The problem: Below are the records; extract from them the line containing "a dining room" to the line containing "A white woman", both lines included, exactly and with no pictures.

Data under study:
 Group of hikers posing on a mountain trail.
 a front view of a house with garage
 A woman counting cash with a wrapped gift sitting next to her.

...

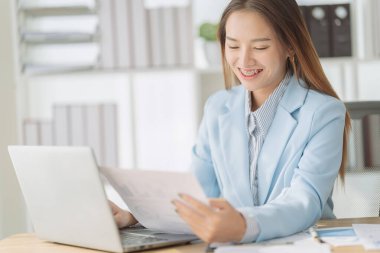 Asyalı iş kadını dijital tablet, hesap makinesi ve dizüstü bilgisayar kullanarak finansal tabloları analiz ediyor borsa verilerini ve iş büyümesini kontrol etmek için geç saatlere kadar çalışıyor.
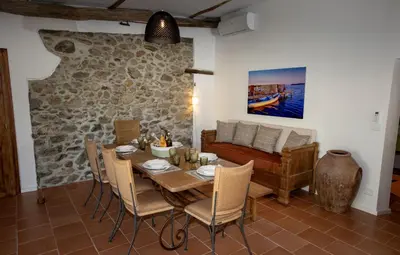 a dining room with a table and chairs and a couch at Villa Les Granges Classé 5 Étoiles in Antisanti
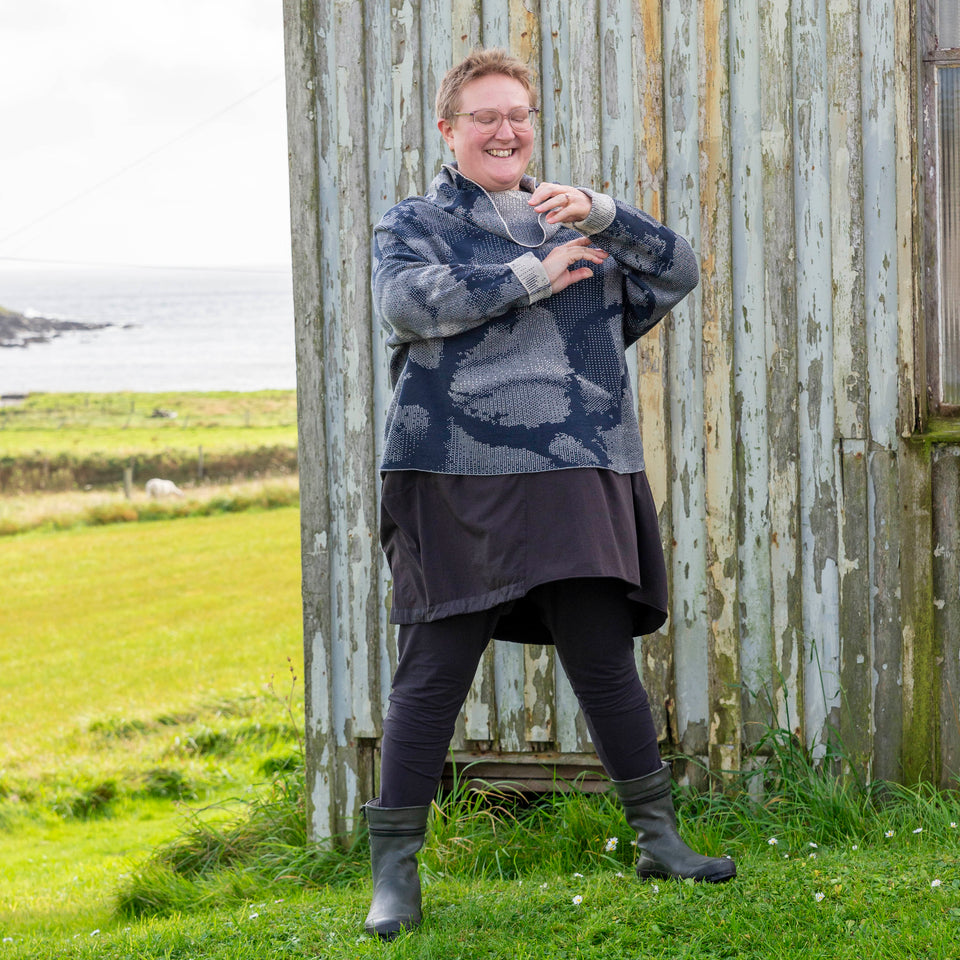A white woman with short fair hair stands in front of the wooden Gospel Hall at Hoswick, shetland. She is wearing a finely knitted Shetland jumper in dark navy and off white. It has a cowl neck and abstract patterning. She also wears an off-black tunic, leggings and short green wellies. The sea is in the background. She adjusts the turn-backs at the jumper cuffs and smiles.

Output for this exercise:
 a dining room with a table and chairs and a couch at Villa Les Granges Classé 5 Étoiles in Antisanti
A white woman with short fair hair stands in front of the wooden Gospel Hall at Hoswick, shetland. She is wearing a finely knitted Shetland jumper in dark navy and off white. It has a cowl neck and abstract patterning. She also wears an off-black tunic, leggings and short green wellies. The sea is in the background. She adjusts the turn-backs at the jumper cuffs and smiles.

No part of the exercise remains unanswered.